01-18-2005, 11:47 AM
From which direction does a fish take a riffle hitched Fly? Does he chase after it? And take it from behind? And in doing so, does he then turn in a downstream direction to return to his lie? Or does he attack the fly head on, as most fish would, and then turn in the other direction?

And if a hitched fly swims on it's side, as Art Lee pertains in his book, Tying & Fishing the Riffling Hitch, this would dictate on which side to tie the hitch. Which is really what I am trying to determine here.

We've all heard tales of Salmon & Steelhead chasing a fly. But are they only playing with it? Do they then come at it head on when they finally decide to eat it? So that when they turn, or as the fly is drawn into the corner of their jaw,,,,which jaw????

According to Wood in Greased Line Fishing, the fish facing upstream, simply rises, inhales the fly, and the line pulling the fly towards the anglers bank, puts the fly in the corner of the (nearside) jaw. If the fish turns at all in taking the fly, it is assumed that he turns away from the angler, and in so doing, adds to his own demise.

Art Lee, on the other hand, contends that the fish follows the fly as it swims cross current, and upon taking the fly then turns downstream. Which puts the fly in the opposite jaw. Hense the controversy of which side to hitch the fly.

It should also be noted that Lee Wulff hitched his flies opposite of Art Lee. In fact, Lee brings up that fact in his book. It is left to speculation however, whether Wulff fished his fly in that manner because it was more effective, or more of a challenge.

Of course one could fish double hooks, or simply hitch the fly from below. But that would not answer the question. So lets hear from you. On which jaw is the fish hooked when taking a hitched fly? On which side do you tie the hitch?

01-18-2005, 12:18 PM

I hitch the way Wulff did with the hitch coming off the bank side of the fly when the fly is pointed downstream. I do so because first that was how I learned how to do it from Wulff's writings on the hitch.

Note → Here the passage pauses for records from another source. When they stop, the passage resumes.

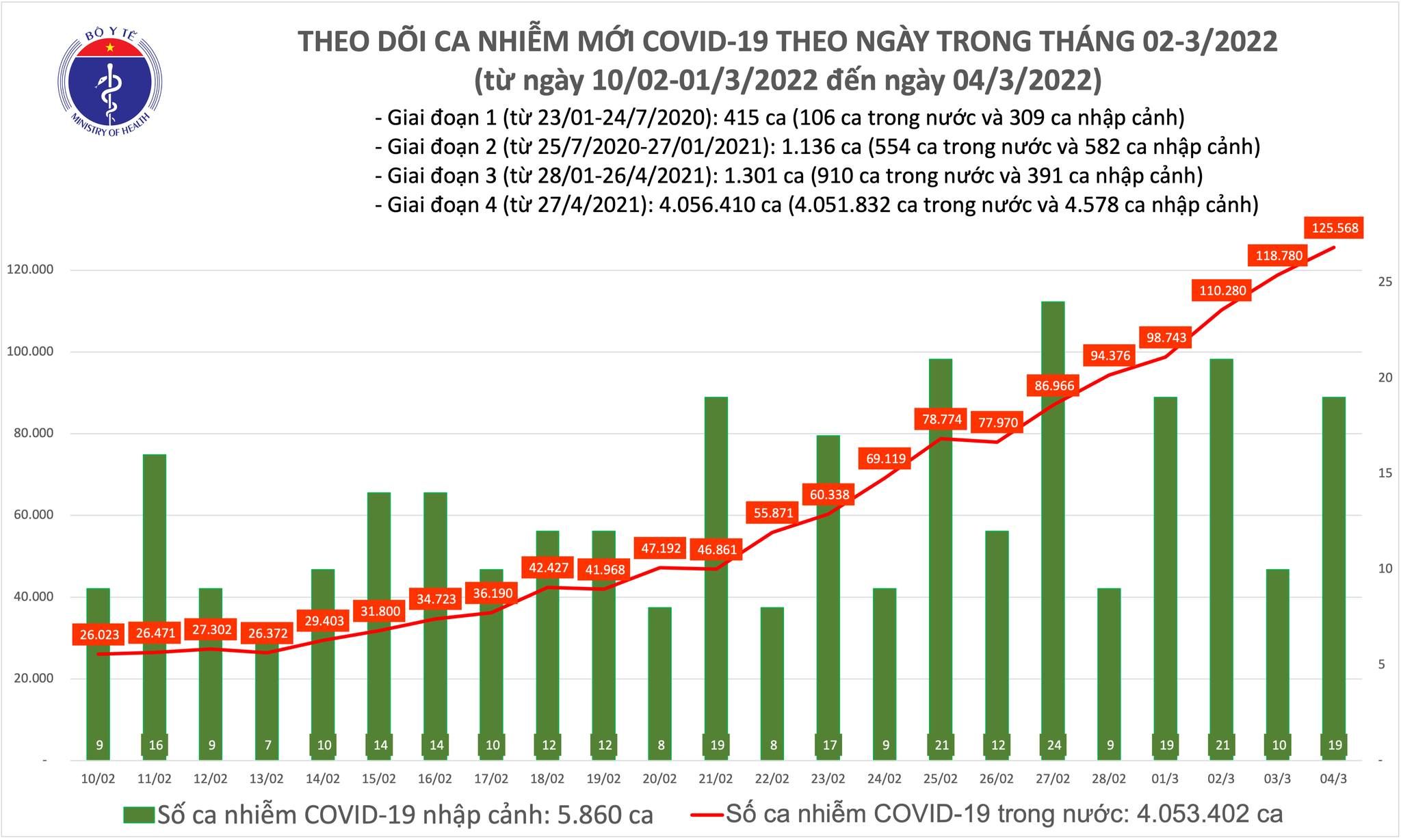 Cả nước thêm 125.587 ca mắc COVID-19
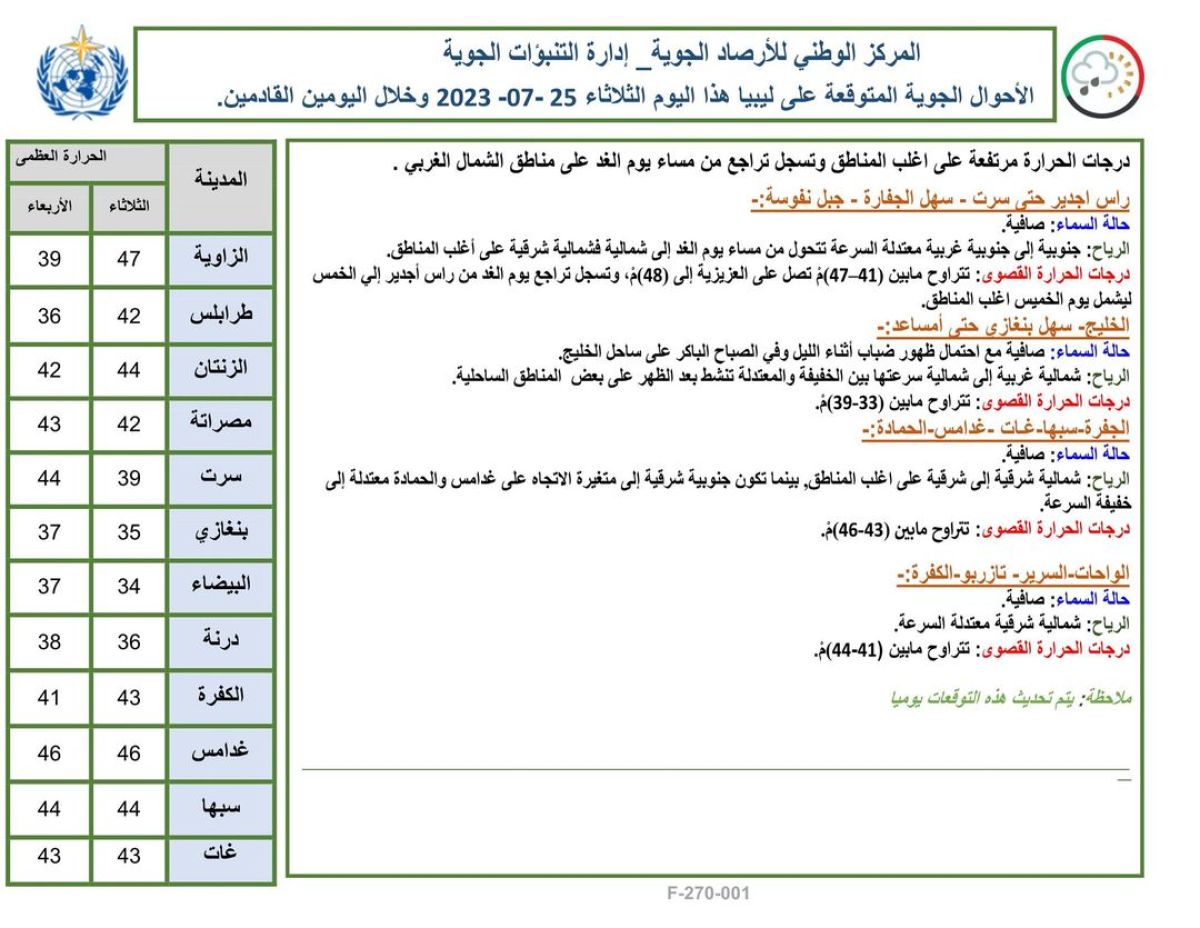 النشرة الجوية ليوم الثلاثاء الموافق 25 – 07 – 2023 الصادرة عن المركز الوطني للأرصاد الجوية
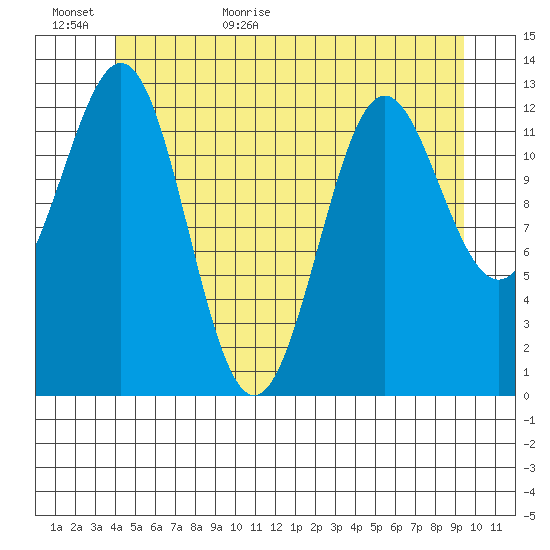 Mop Point tide chart for Tuesday, June 11, 2024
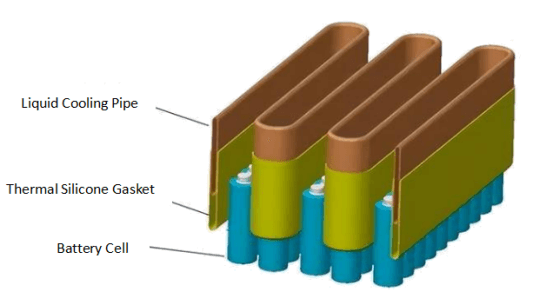 Induction Brazing’s Applications across Industries - Blog - 4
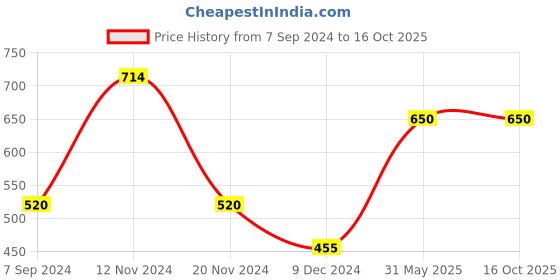 tatacliq.com Bata Men's NIGEL E Brown Fisherman Sandals bata Price History Graph from 7 Sep 2024 to 15 Oct 2025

Secondly I do so because it gets the fly up and riffling a little higher than Lee's method of putting the hitch on the opposite side of the bank when the fly is facing downstream.

As far as where the fish is hooked, I found most of them are hooked in the right side of the jaw when fishing right bank and left side when fishing left bank.

I know Lee says you have a better chance at a solid hookup with his opposite side method because the fish simply turns downstream after picking up the riffled fly. This would put the hook in the left jaw on river right and the right jaw on river left. Maybe so, but by putting the hitch on the opposite side like Lee advocates, the fish should be hooked in the opposite jaw from the river side you are fishing simply because that is the way the hook point is angled.

Therefore, I've come to the conclusion several years ago that hooking effectiveness isn't really any different with either method of placing the hitch, and that the most important thing is getting the fly up and swimming erratically as soon as possible. Since Wulff's method gets the fly up a little faster, helps keep the fly from drowning because the hitch is always pulling the hook eye up (whereas Lee's hitch is always pulling the hook eye down a bit), and keeping the fly broadside for the largest profile is most important to me, I use Wulff's method.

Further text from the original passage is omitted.